**Exercise directions:** Please restate the data below word for word, omitting all images.

**Available records:**
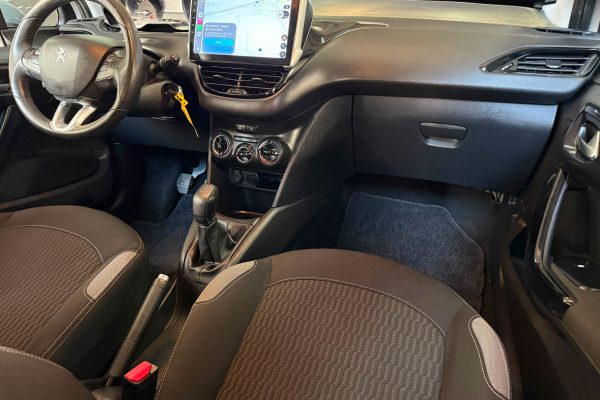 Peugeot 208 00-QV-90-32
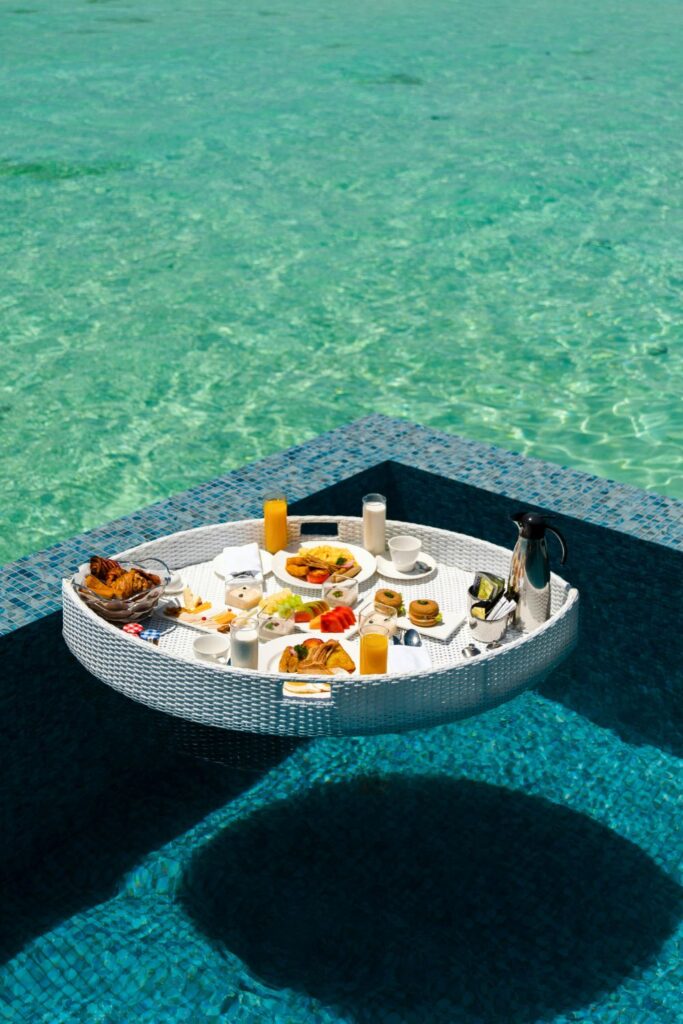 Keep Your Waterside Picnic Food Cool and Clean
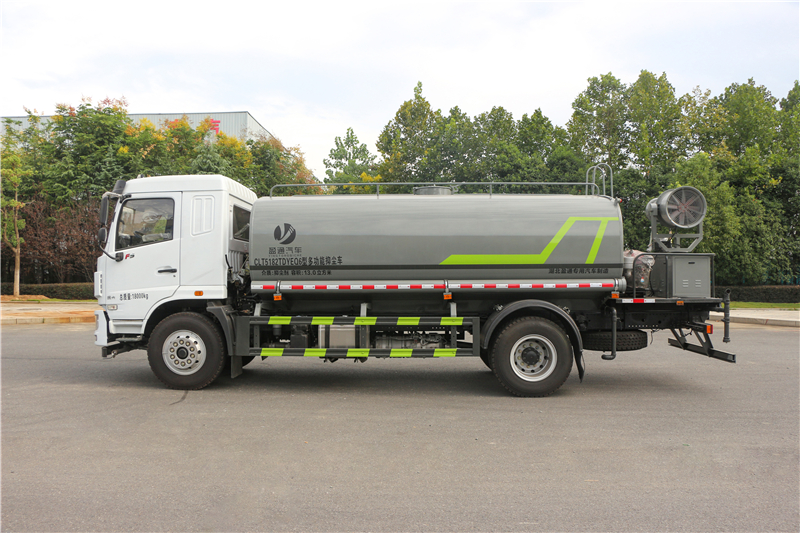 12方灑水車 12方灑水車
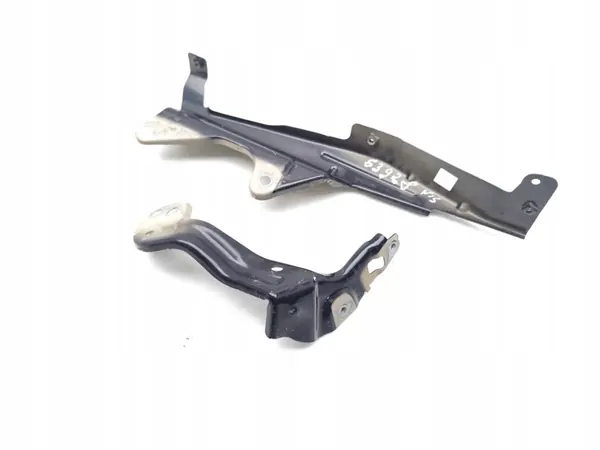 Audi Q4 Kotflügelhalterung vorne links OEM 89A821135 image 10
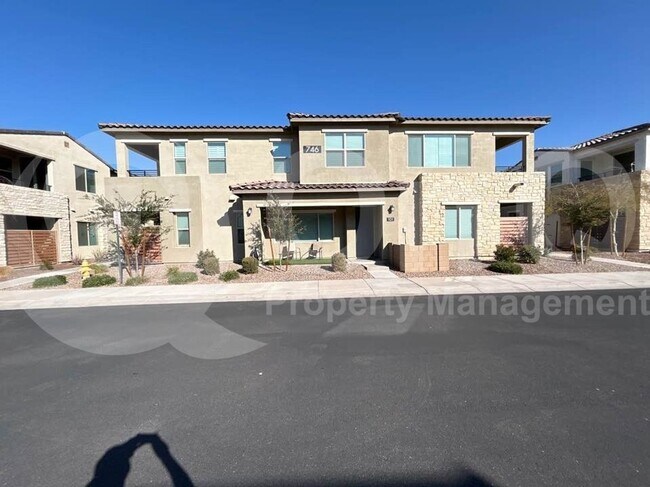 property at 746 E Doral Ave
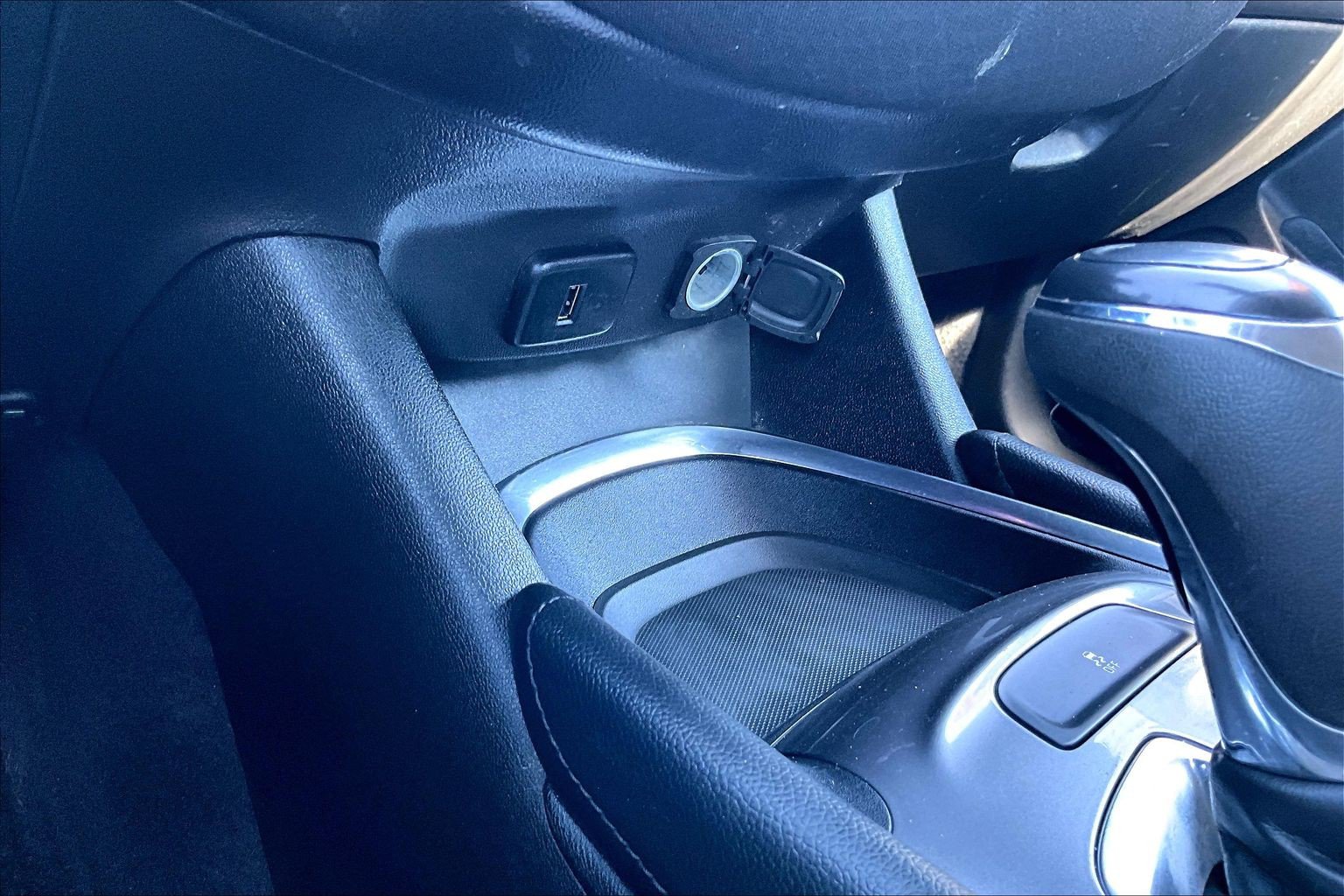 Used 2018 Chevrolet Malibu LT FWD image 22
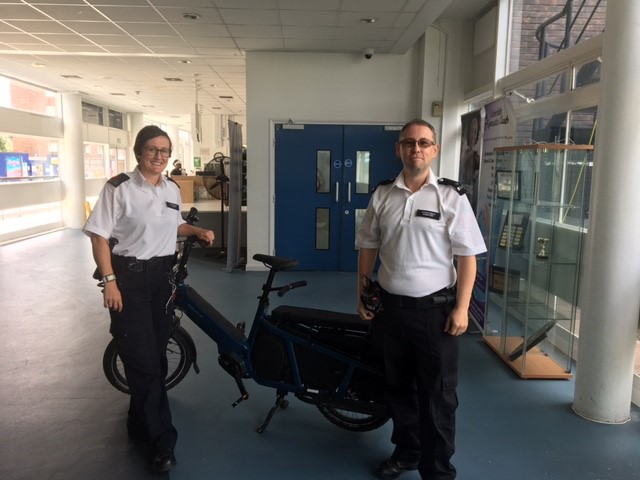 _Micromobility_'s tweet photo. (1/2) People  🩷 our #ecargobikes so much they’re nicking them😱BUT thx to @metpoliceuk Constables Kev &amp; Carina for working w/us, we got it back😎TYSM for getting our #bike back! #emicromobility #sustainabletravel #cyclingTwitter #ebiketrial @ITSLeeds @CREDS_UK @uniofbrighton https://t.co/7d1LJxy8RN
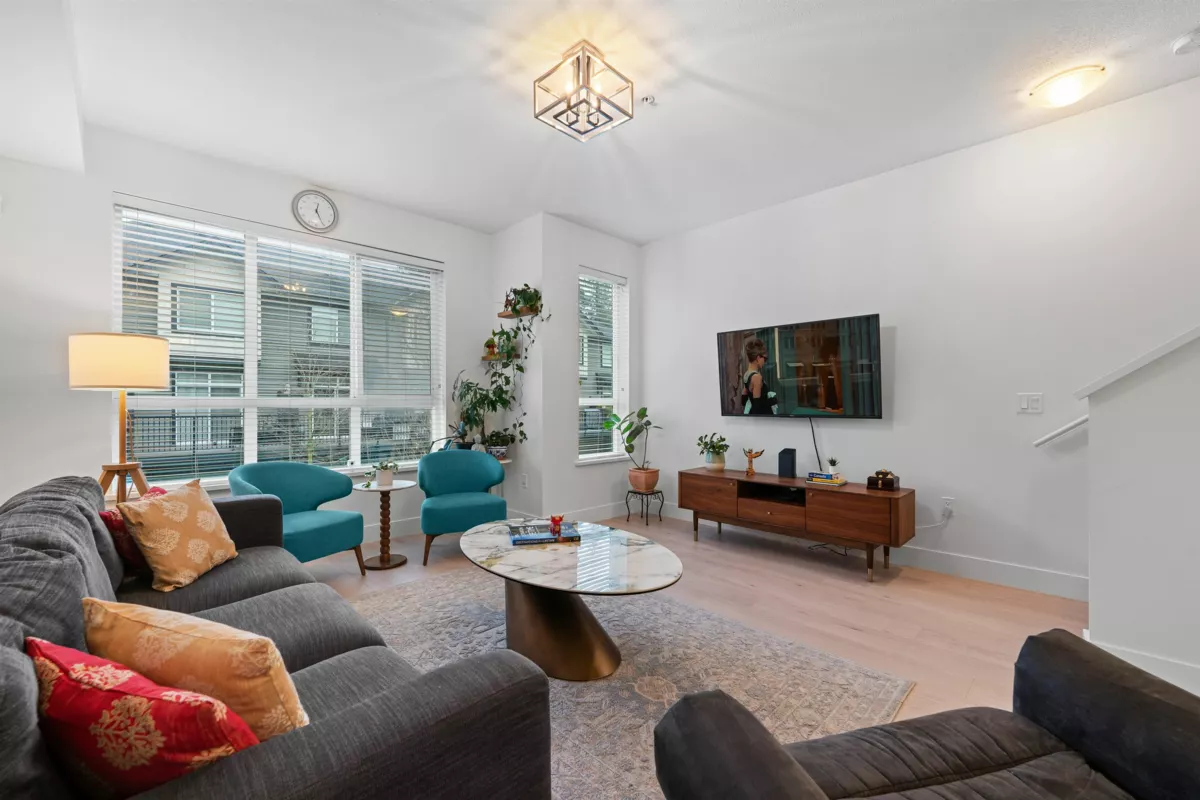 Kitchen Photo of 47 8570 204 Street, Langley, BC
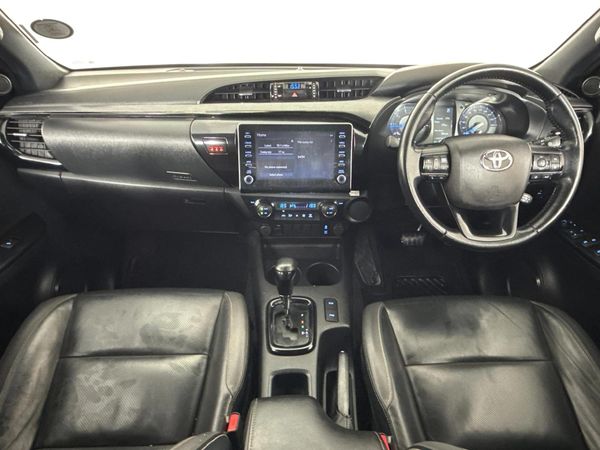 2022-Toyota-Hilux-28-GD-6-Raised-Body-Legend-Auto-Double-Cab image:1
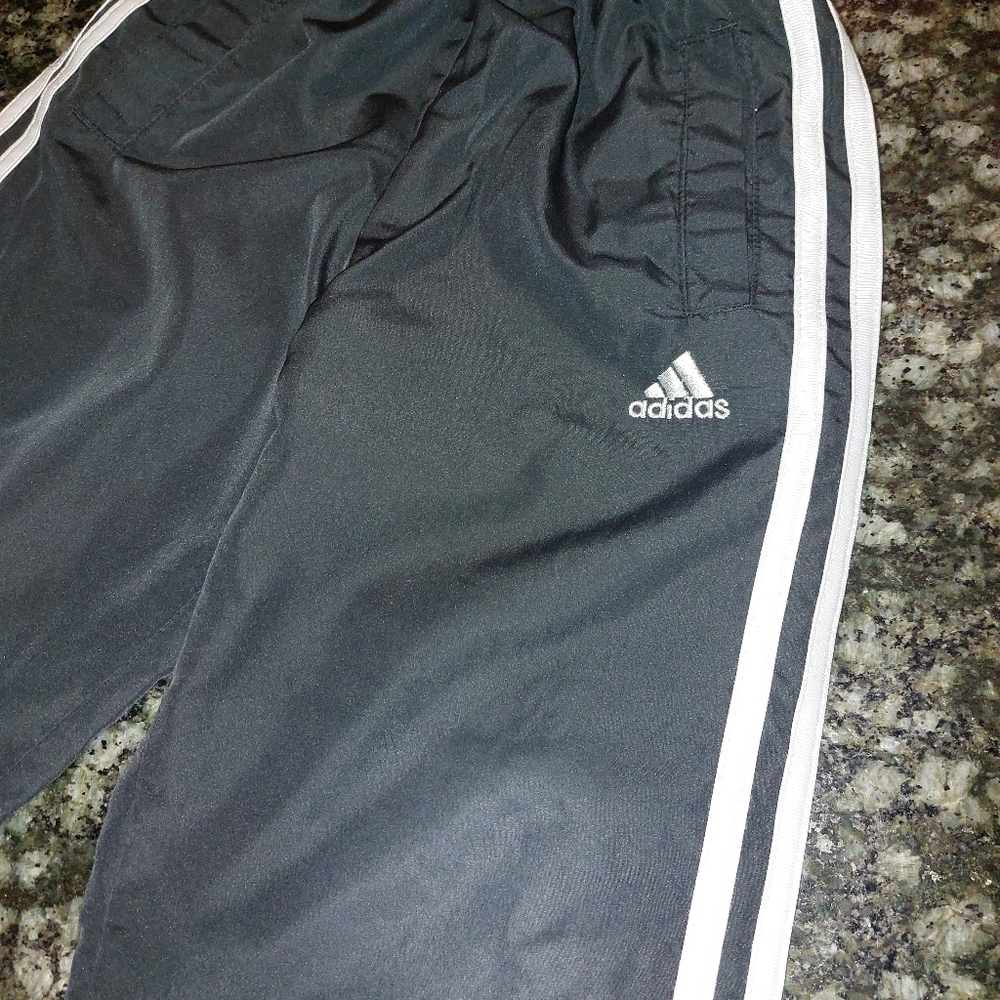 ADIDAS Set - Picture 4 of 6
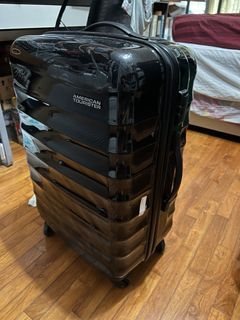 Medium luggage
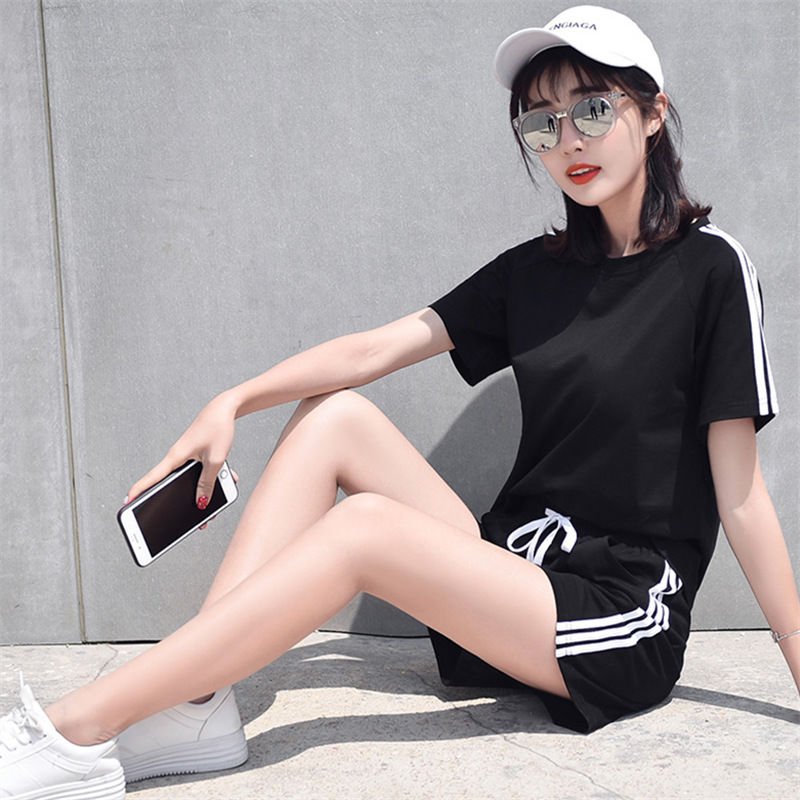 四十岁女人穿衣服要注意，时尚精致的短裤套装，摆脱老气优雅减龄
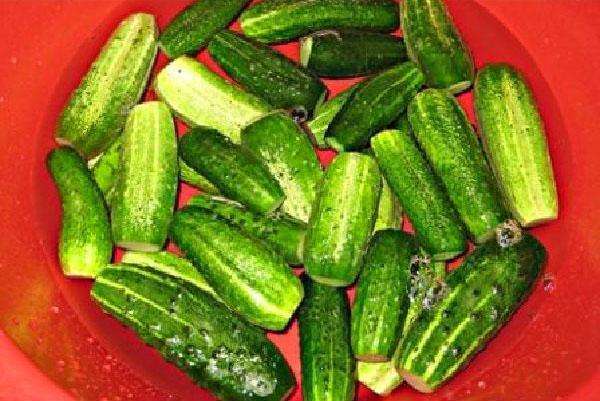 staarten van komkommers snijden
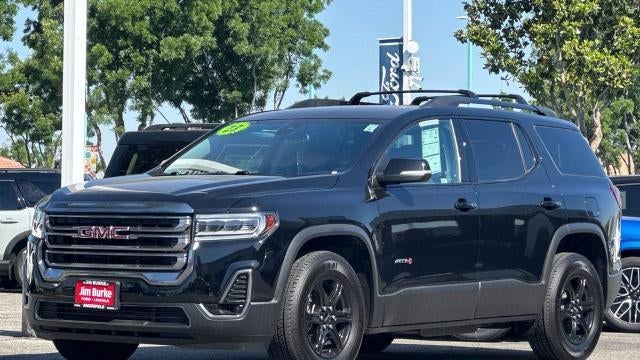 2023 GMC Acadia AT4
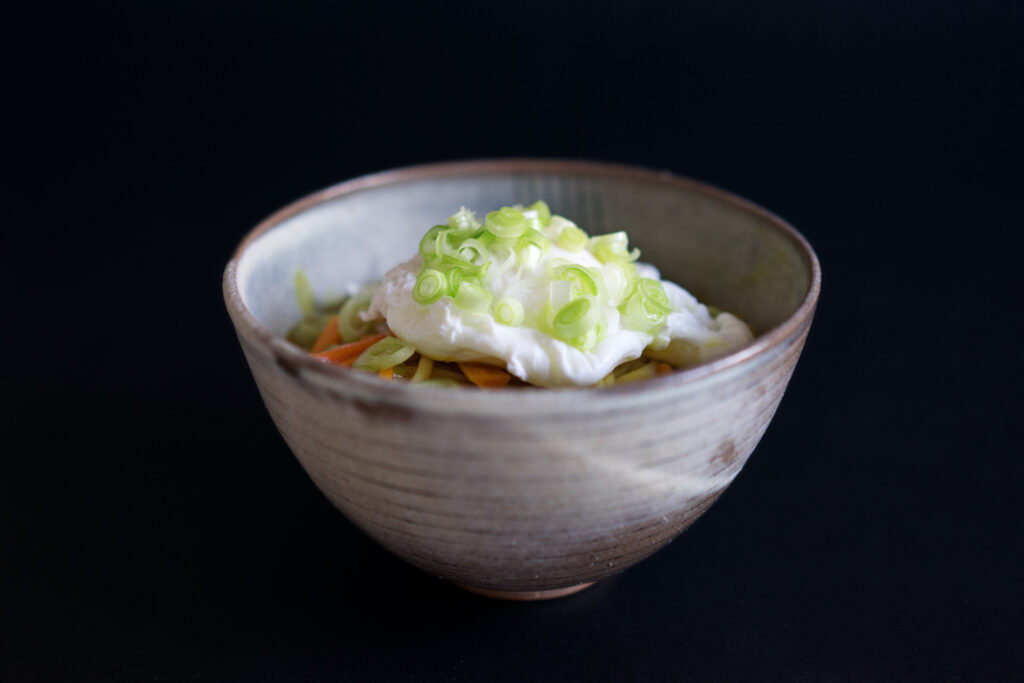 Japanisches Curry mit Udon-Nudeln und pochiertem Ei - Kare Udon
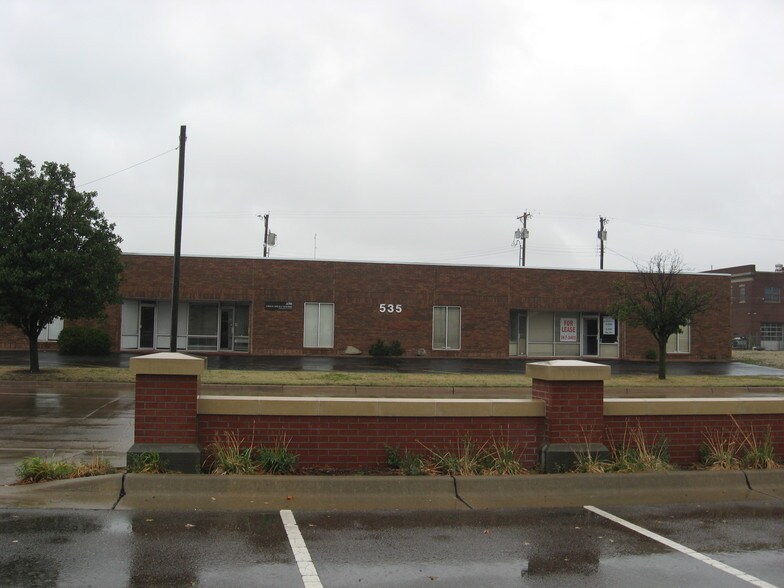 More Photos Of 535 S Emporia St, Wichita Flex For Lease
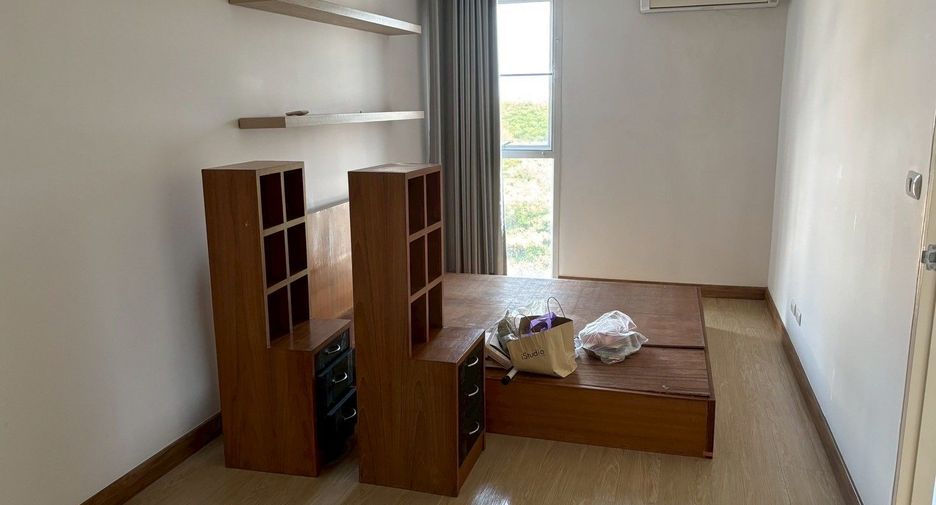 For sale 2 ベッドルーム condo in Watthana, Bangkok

**Problem solution:**
 Peugeot 208 00-QV-90-32
 Keep Your Waterside Picnic Food Cool and Clean
 12方灑水車 12方灑水車
 Audi Q4 Kotflügelhalterung vorne links OEM 89A821135 image 10
 property at 746 E Doral Ave
 Used 2018 Chevrolet Malibu LT FWD image 22
 _Micromobility_'s tweet photo. (1/2) People  🩷 our #ecargobikes so much they’re nicking them😱BUT thx to @metpoliceuk Constables Kev &amp; Carina for working w/us, we got it back😎TYSM for getting our #bike back! #emicromobility #sustainabletravel #cyclingTwitter #ebiketrial @ITSLeeds @CREDS_UK @uniofbrighton https://t.co/7d1LJxy8RN
 Kitchen Photo of 47 8570 204 Street, Langley, BC
 2022-Toyota-Hilux-28-GD-6-Raised-Body-Legend-Auto-Double-Cab image:1
 ADIDAS Set - Picture 4 of 6
 Medium luggage
 四十岁女人穿衣服要注意，时尚精致的短裤套装，摆脱老气优雅减龄
 staarten van komkommers snijden
 2023 GMC Acadia AT4
 Japanisches Curry mit Udon-Nudeln und pochiertem Ei - Kare Udon
 More Photos Of 535 S Emporia St, Wichita Flex For Lease
 For sale 2 ベッドルーム condo in Watthana, Bangkok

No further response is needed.